欧州帰りの山本を下げてDF木村を投入。ダブルボランチの4-4-1陣形に変えて対応した。一転して中国にボールを握られ、支配率は速報値で日本38%-中国62%。前半を何とか1点リードで折り返したものの、初戦からチームの一体感が試される形となった。

ただ、大会前から指揮官は警戒心を強めていた。「想定外があるかもしれない」。さっそく数的不利に見舞われたが、動じない準備があった。初戦を前に、これまで明確に置いてこなかった主将に、初めてMF藤田を任命。「一体感、団結力をもっともっと強固にしていくため」と意図を説明し、さらに主将を支える西尾、山本、松木、DF内野貴の4人を副主将に選出。タフなアジア予選を勝ち抜くため、抜かりなかった。

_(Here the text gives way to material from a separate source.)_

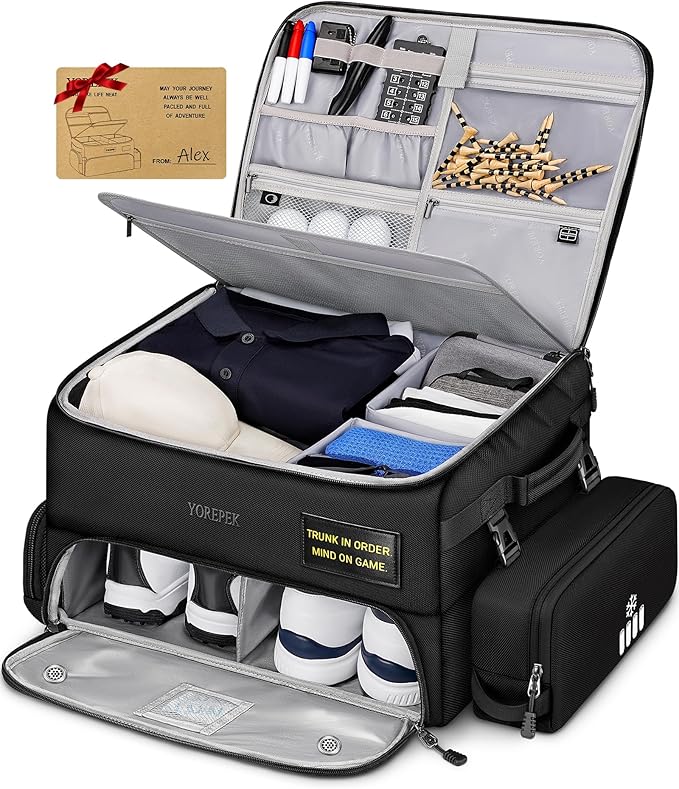 YOREPEK Upgraded Golf Trunk Organizer, Golf Gifts for Men, with Removable Insulated Pouch&Dust-Proof Protective Layer, Multi-Compartment fits 2 Pairs of Shoes, Golf Accessories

目の前で起きたこと全てチームの糧とする。1人少なくなり、強みとする前線からの強度の高い守備は発揮できなかった。それでもブロックを固めて耐え切った後半。大岩監督はチーム戦術と個人戦術の双方に手応えを示しつつ「アクシデントは、想定していたとはいえ、なかなか厳しい試合になった。次に生かしたい」。決勝弾の松木も「苦しいゲーム勝ち切れたのは大きい。次につながった。リーグ戦で勝ちと引き分けで終わるのは全然違う」とうなずいた。逆境をはねのけて、初戦から一致団結。期せずしての総力戦で、花の都への歩みを1つ進めた。